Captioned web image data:
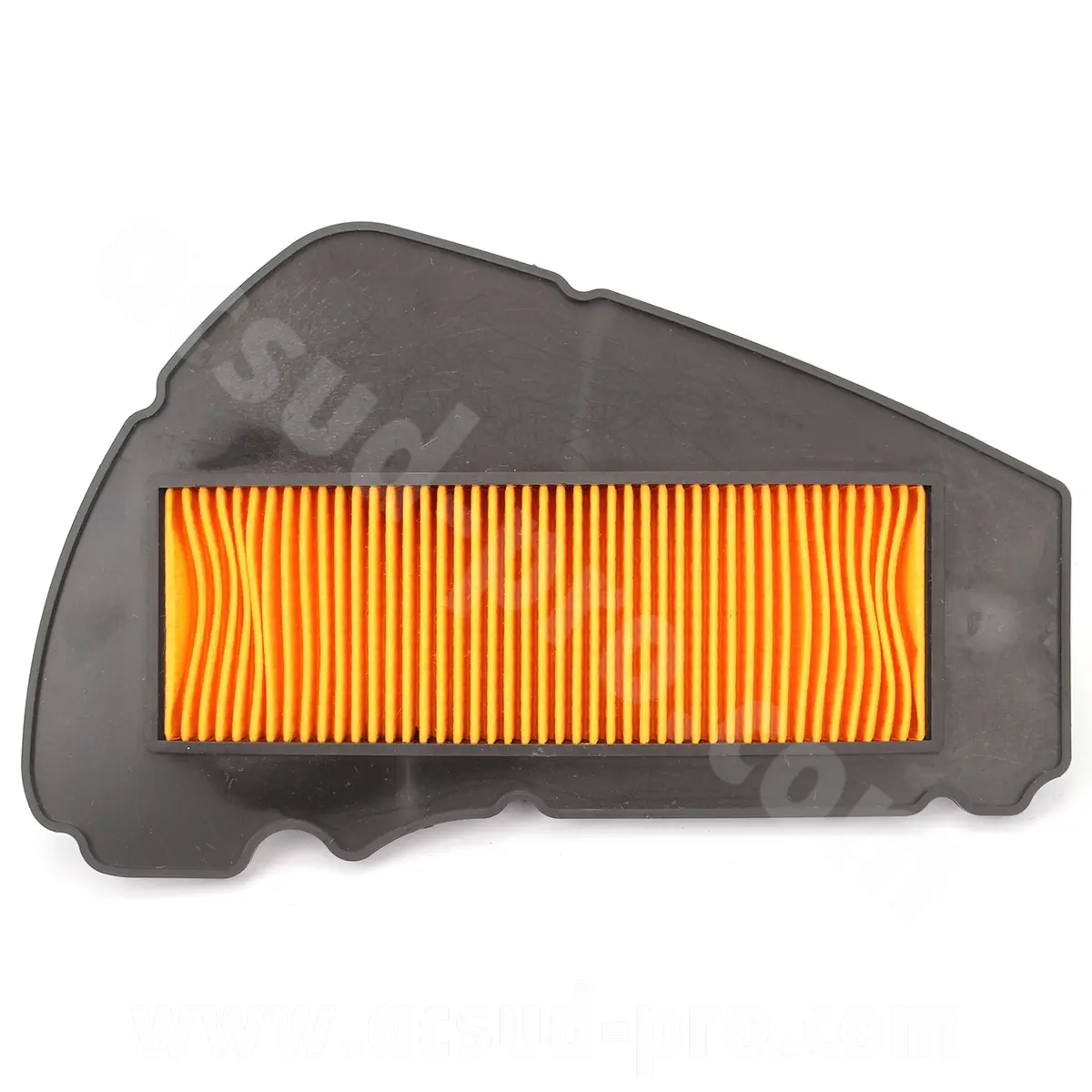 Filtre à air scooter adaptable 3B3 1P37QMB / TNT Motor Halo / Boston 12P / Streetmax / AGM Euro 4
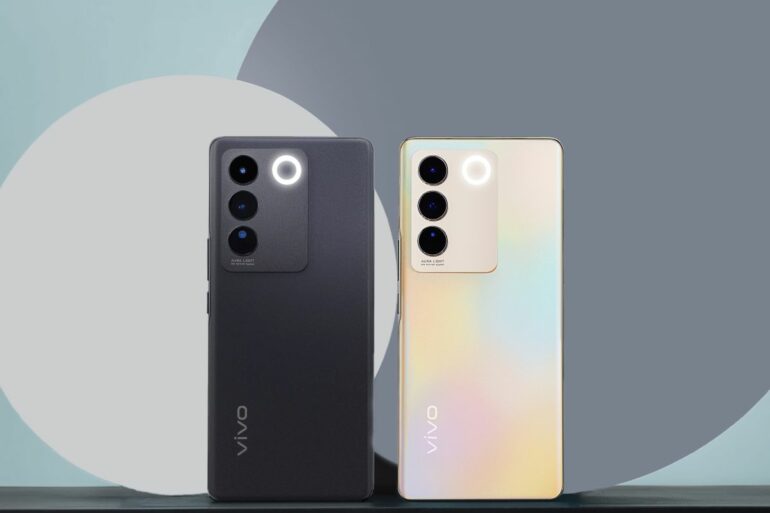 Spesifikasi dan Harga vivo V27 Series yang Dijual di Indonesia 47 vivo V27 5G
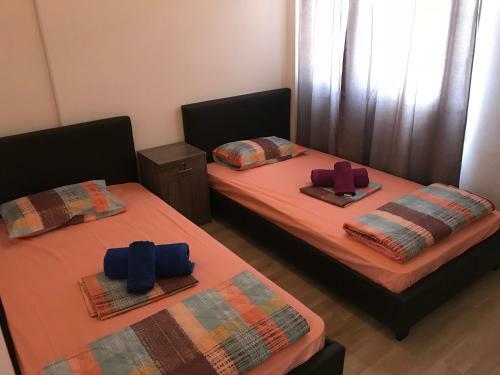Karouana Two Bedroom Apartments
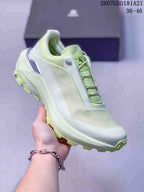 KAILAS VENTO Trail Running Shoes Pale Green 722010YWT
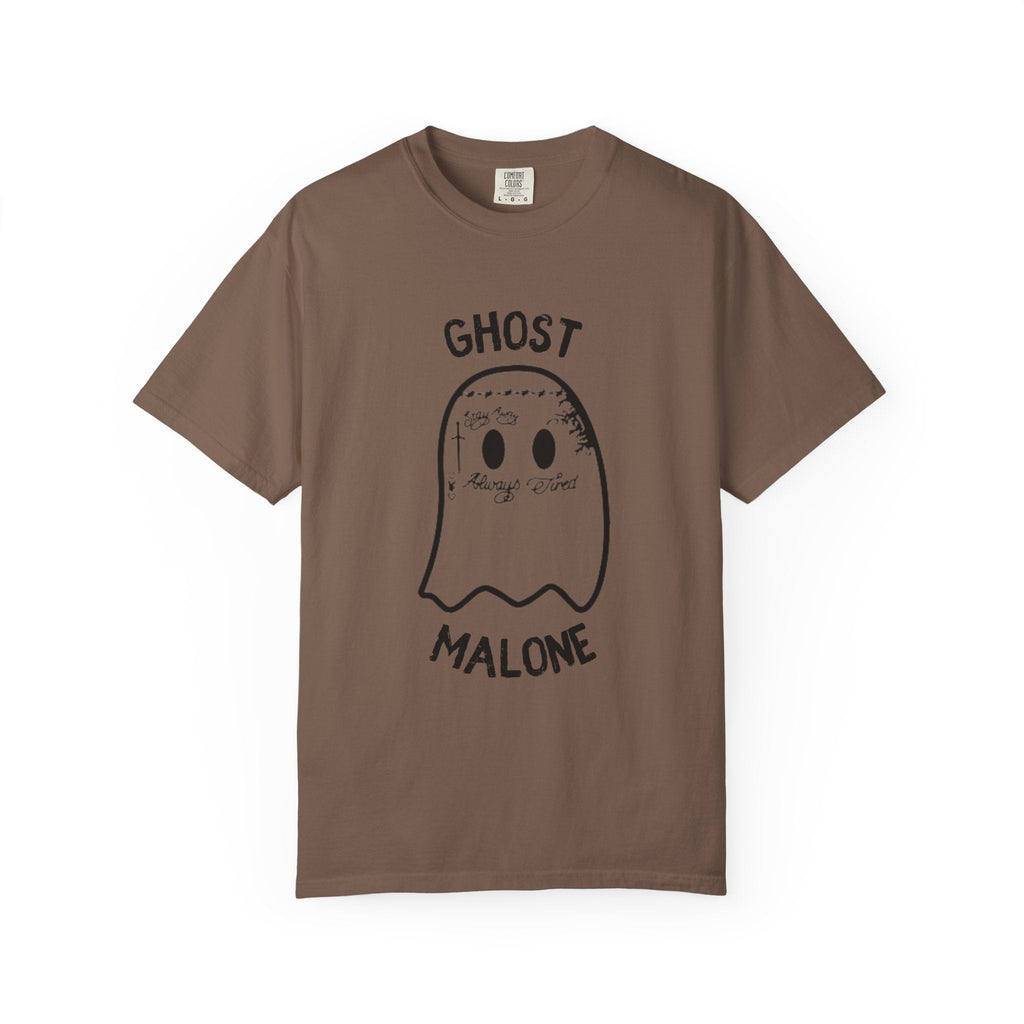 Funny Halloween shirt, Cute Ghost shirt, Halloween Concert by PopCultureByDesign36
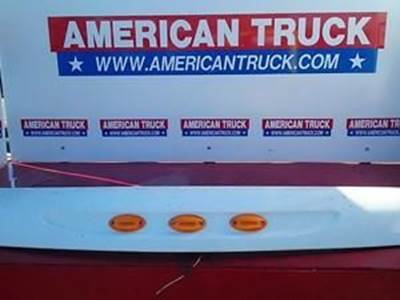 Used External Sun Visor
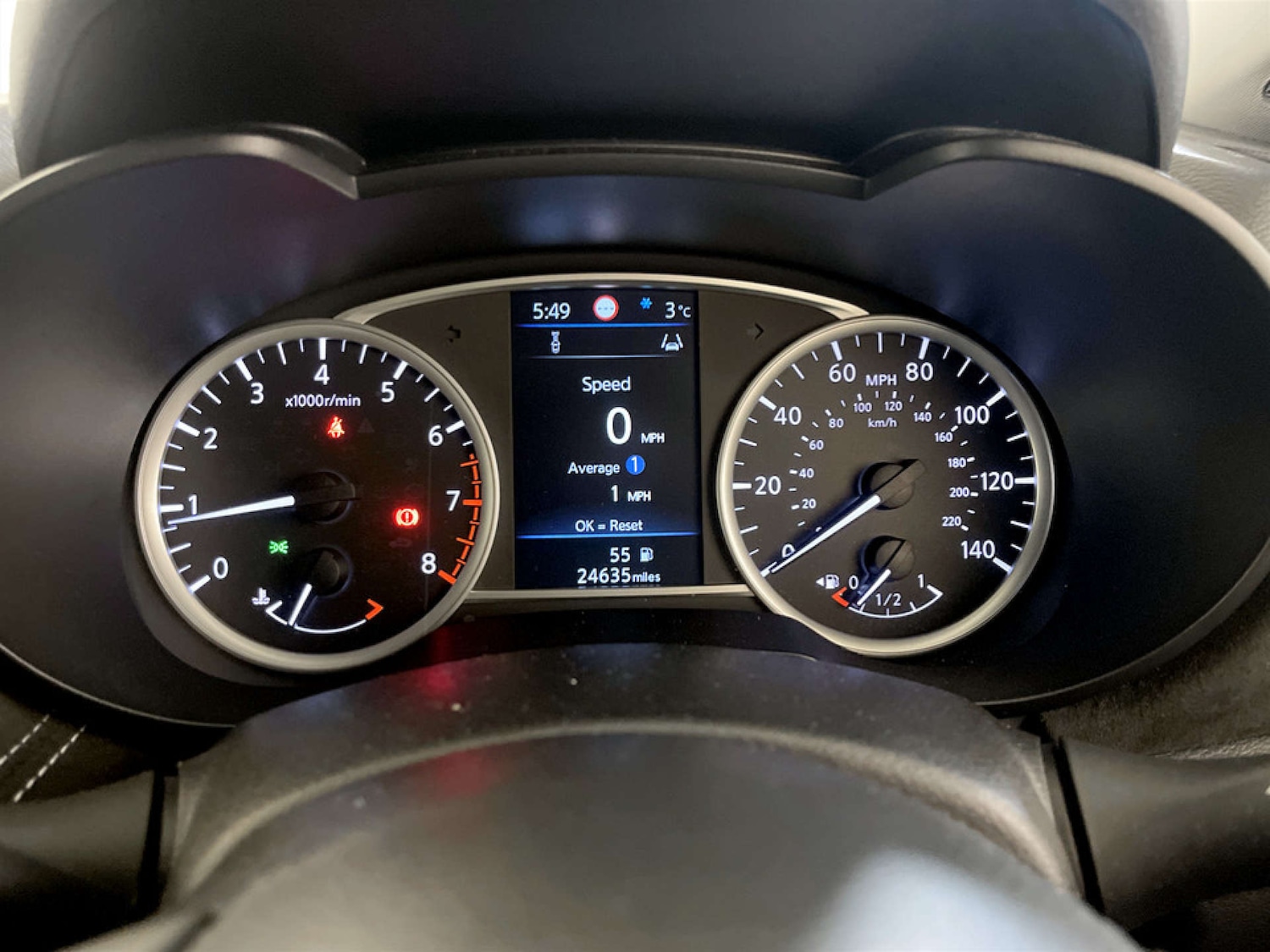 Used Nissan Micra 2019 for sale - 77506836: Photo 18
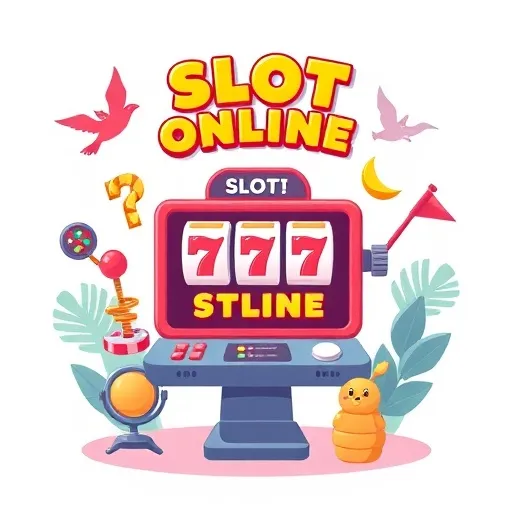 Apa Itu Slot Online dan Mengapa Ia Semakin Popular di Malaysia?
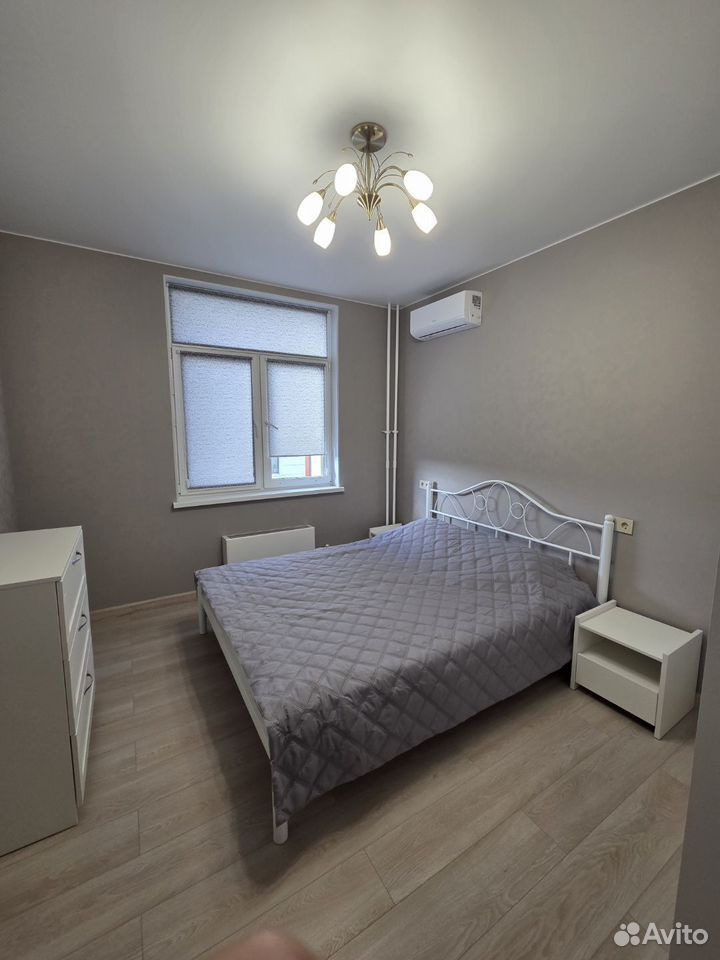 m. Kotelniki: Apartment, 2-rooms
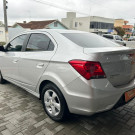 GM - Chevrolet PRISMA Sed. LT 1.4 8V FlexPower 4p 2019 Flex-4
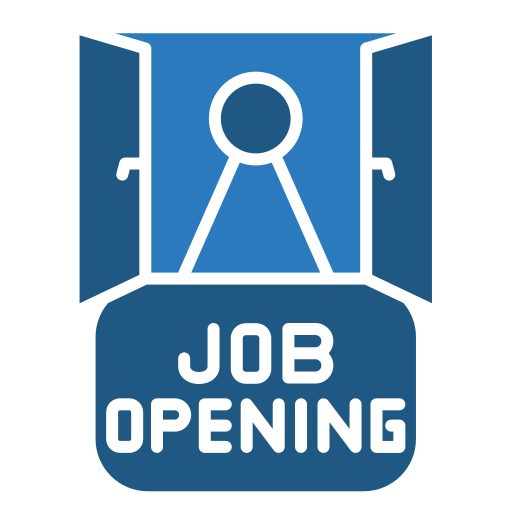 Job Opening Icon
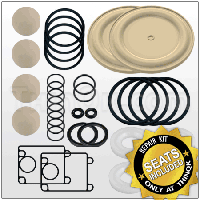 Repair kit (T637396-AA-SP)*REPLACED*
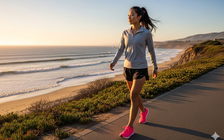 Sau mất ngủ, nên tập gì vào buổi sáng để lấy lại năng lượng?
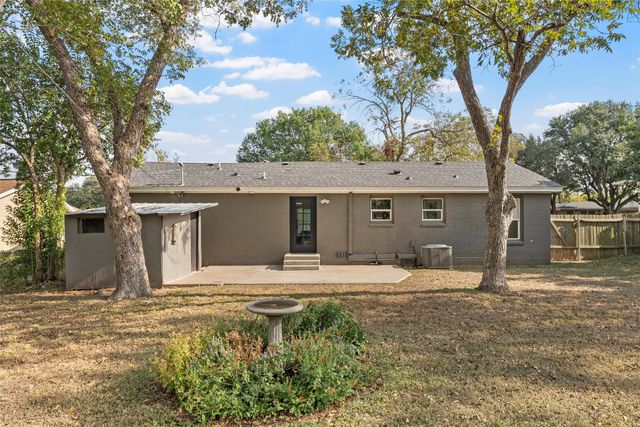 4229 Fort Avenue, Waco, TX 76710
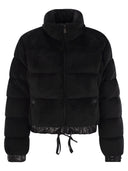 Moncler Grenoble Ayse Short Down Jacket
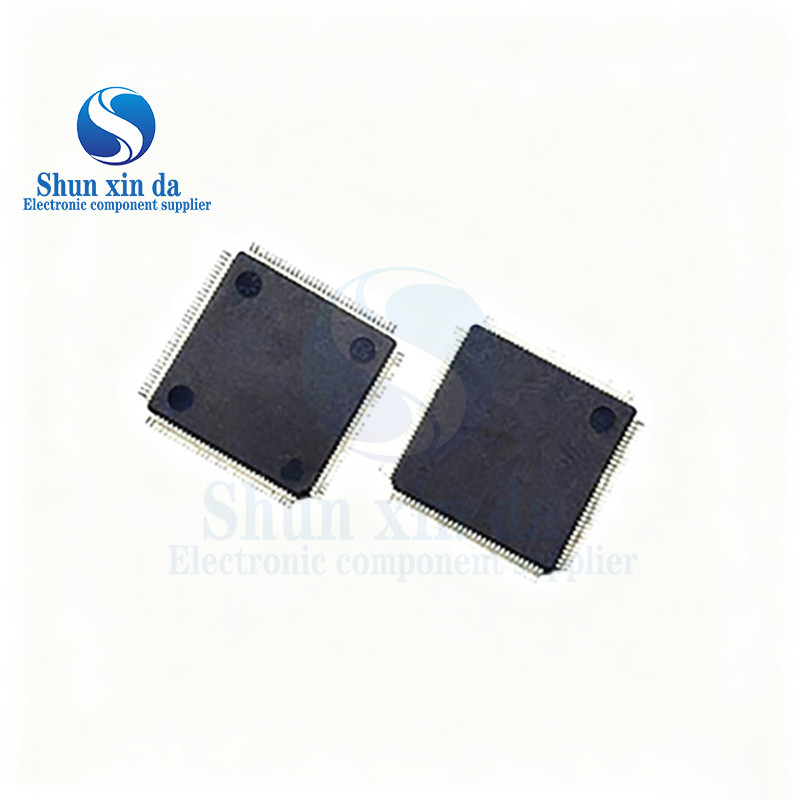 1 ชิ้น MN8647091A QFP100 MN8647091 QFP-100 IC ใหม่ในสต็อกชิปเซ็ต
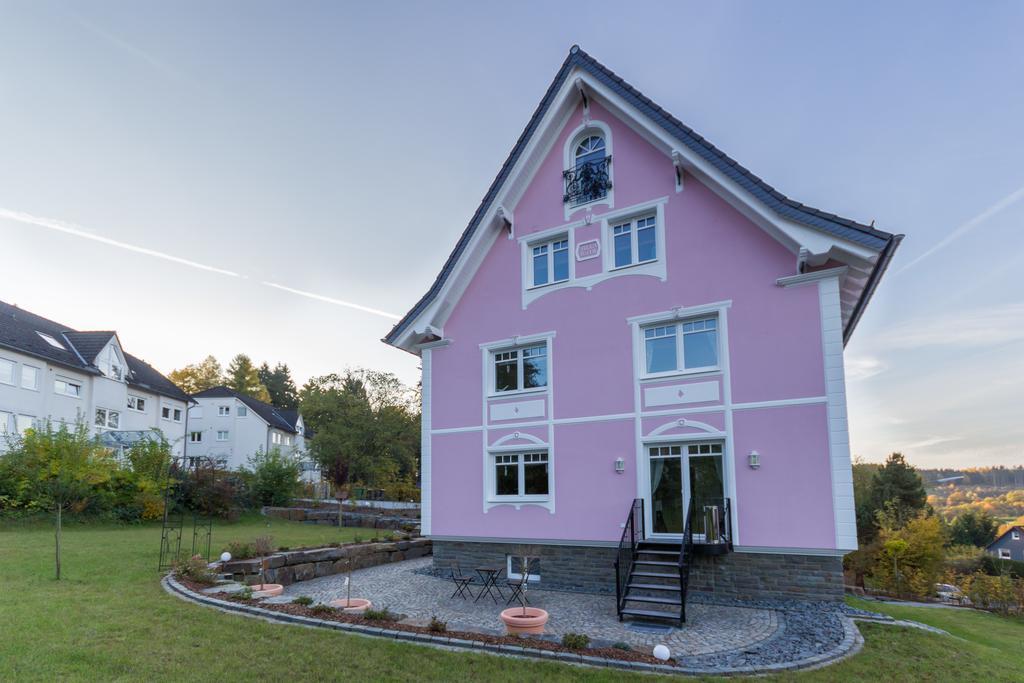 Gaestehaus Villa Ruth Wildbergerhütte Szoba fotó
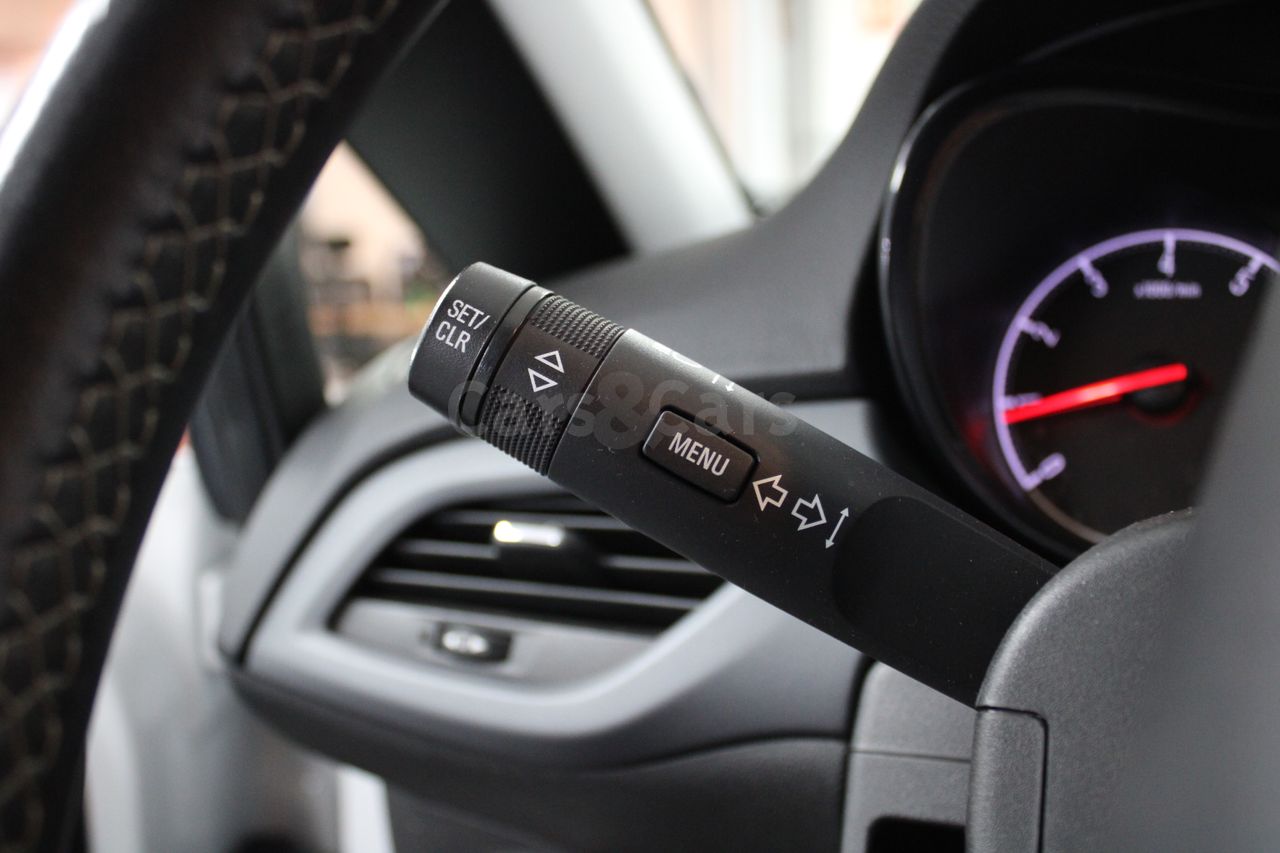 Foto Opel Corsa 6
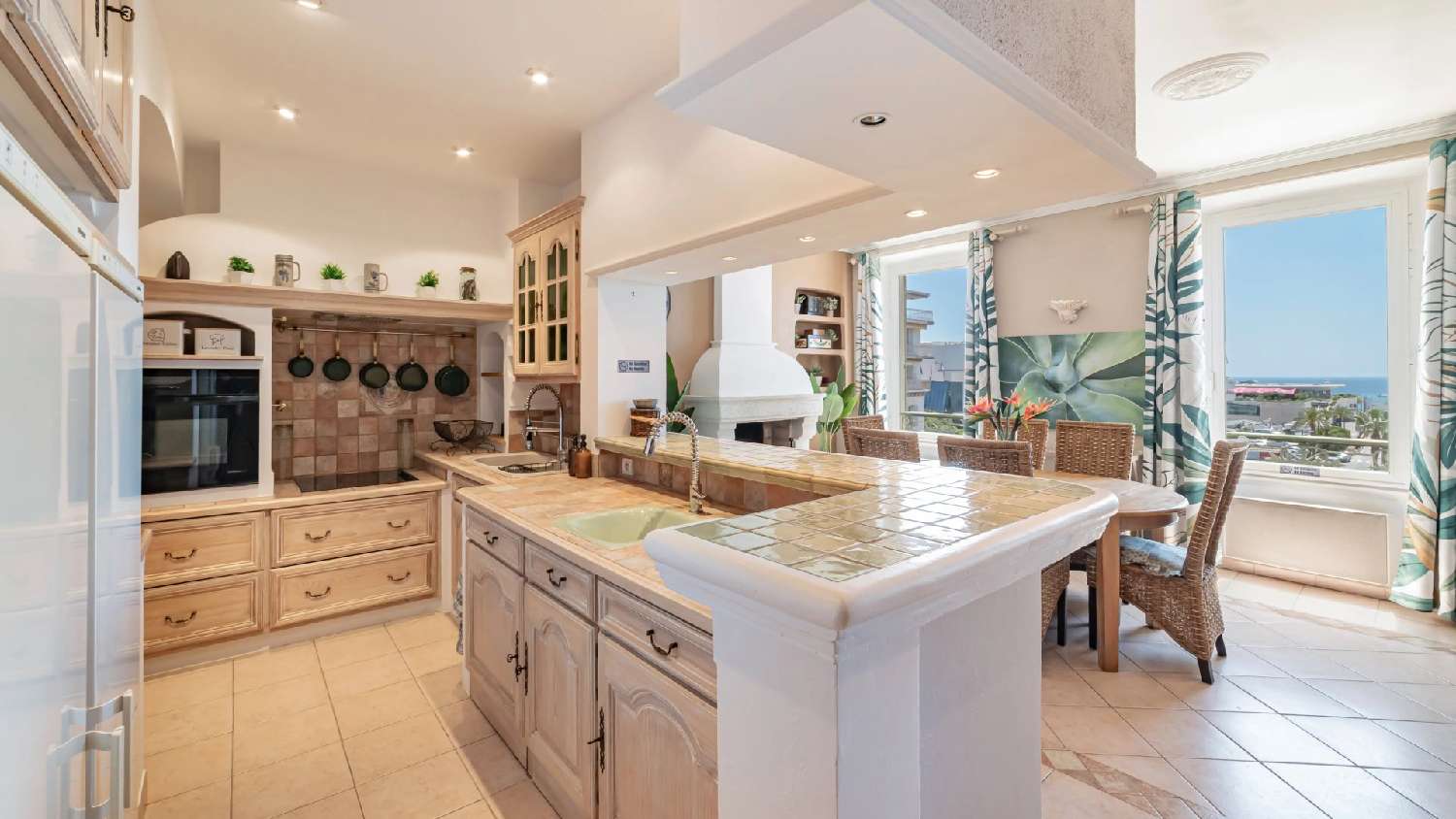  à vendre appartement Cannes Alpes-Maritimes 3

What is required: Your answer must be the lines from the line containing "Gaestehaus Villa Ruth" through the final line of the data, written out exactly, both ends included and pictures left out.

Result of this exercise:
 Gaestehaus Villa Ruth Wildbergerhütte Szoba fotó
 Foto Opel Corsa 6
  à vendre appartement Cannes Alpes-Maritimes 3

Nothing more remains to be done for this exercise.